• Crawled caption data:
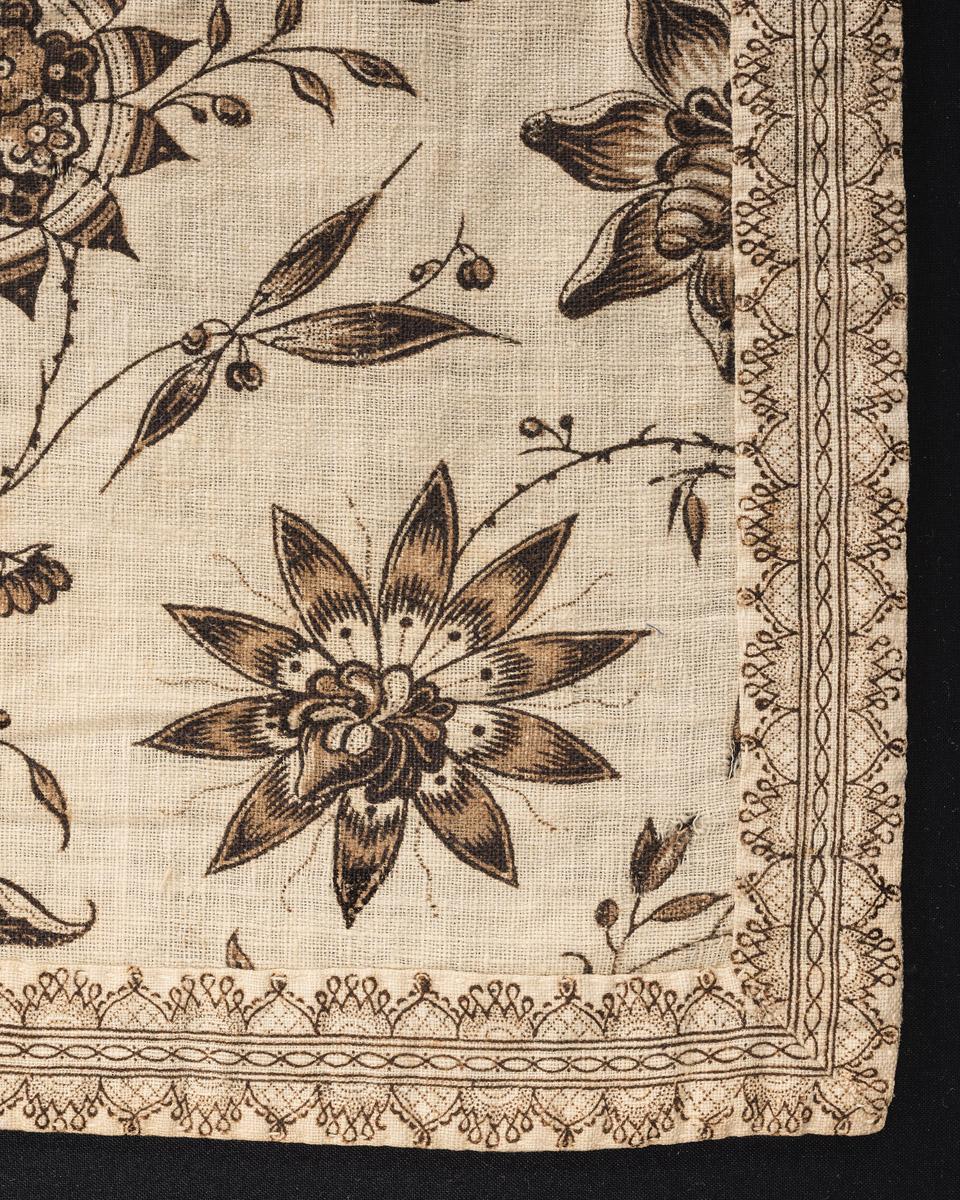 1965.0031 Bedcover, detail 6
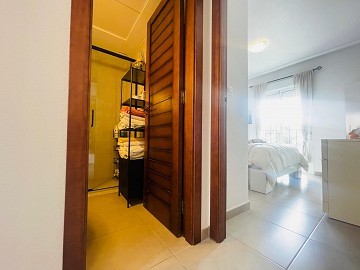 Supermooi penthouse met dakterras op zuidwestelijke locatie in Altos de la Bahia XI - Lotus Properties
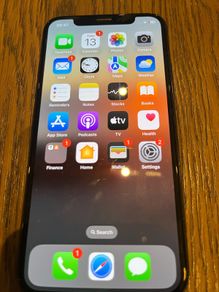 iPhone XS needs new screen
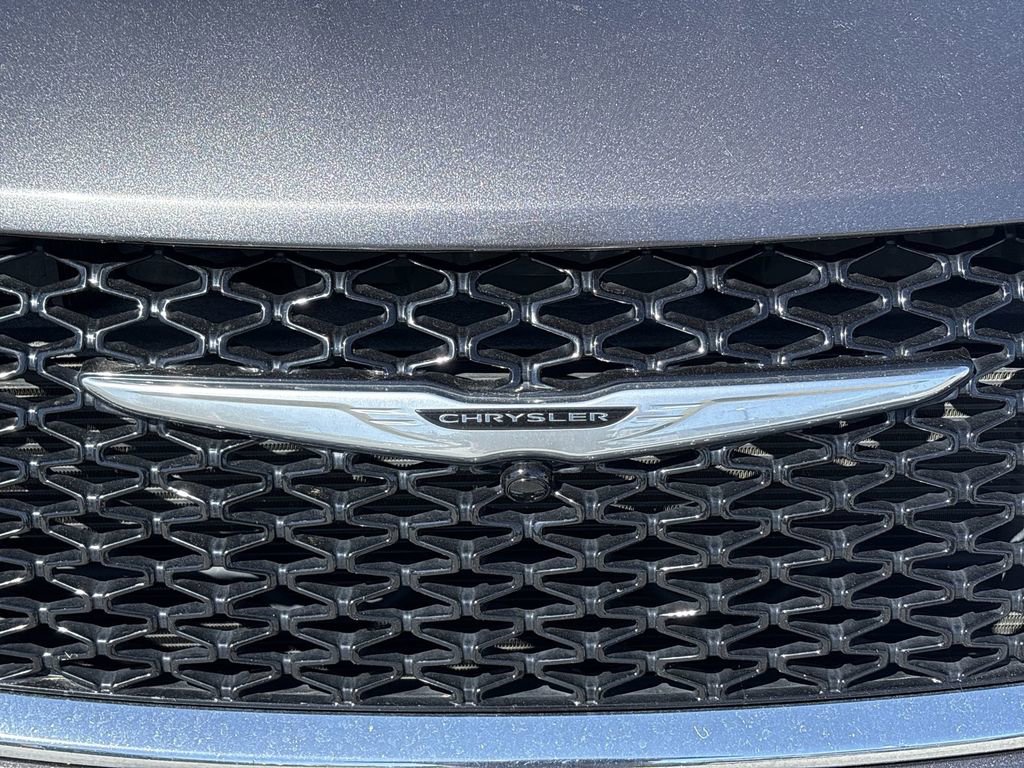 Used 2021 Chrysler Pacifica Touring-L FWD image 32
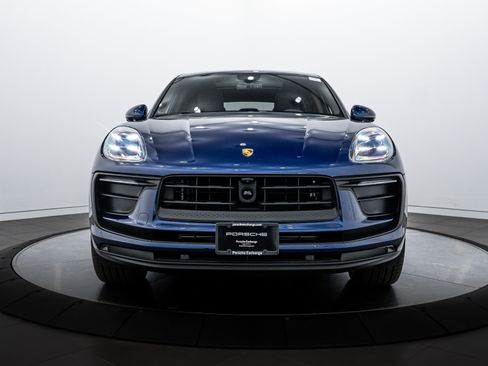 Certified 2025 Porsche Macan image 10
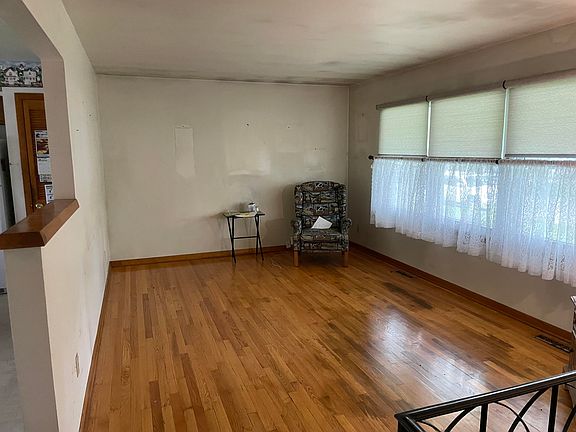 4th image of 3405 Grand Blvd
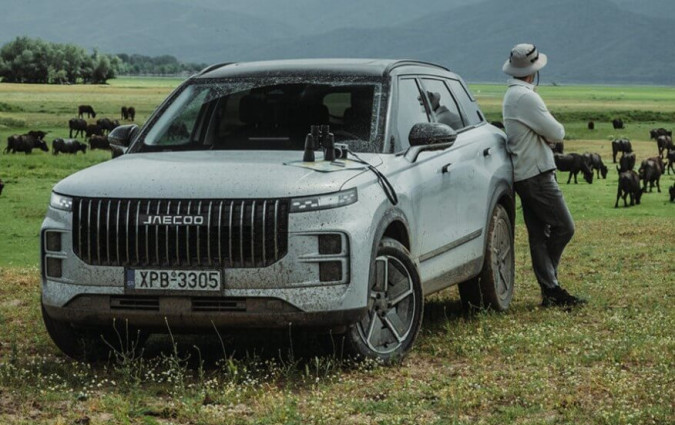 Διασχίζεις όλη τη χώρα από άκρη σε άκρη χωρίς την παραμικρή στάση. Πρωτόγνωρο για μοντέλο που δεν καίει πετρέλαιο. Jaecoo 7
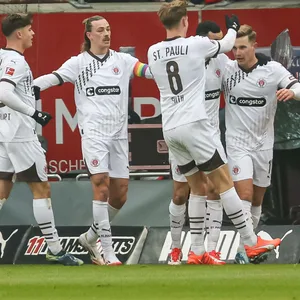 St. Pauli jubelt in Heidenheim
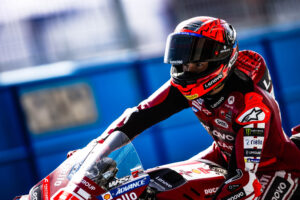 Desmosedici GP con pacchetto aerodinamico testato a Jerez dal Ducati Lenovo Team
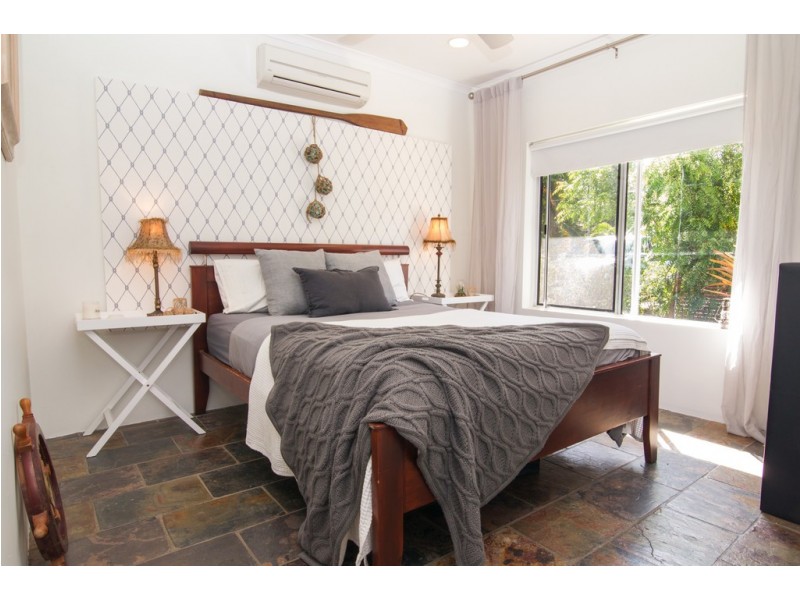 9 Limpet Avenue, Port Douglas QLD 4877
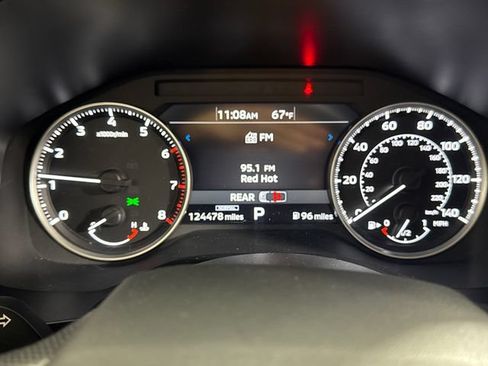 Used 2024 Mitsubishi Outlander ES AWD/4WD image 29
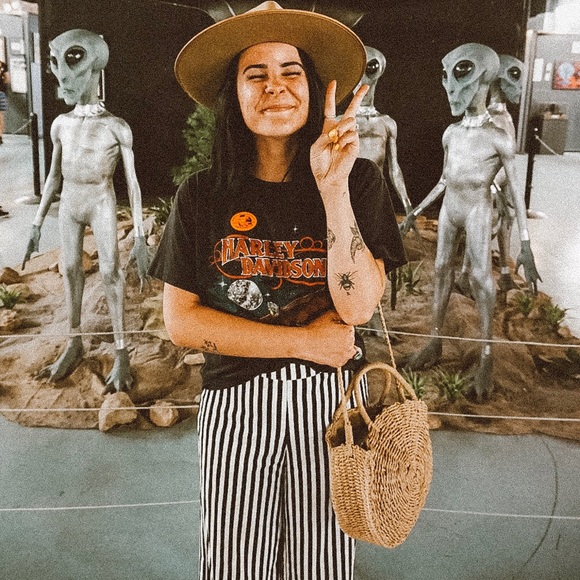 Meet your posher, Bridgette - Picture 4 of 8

• Task brief: Your answer must be the exact lines from the one containing "Διασχίζεις όλη τη" through the last line of the records above, with both included and no pictures.

• Solved problem:
 Διασχίζεις όλη τη χώρα από άκρη σε άκρη χωρίς την παραμικρή στάση. Πρωτόγνωρο για μοντέλο που δεν καίει πετρέλαιο. Jaecoo 7
 St. Pauli jubelt in Heidenheim
 Desmosedici GP con pacchetto aerodinamico testato a Jerez dal Ducati Lenovo Team
 9 Limpet Avenue, Port Douglas QLD 4877
 Used 2024 Mitsubishi Outlander ES AWD/4WD image 29
 Meet your posher, Bridgette - Picture 4 of 8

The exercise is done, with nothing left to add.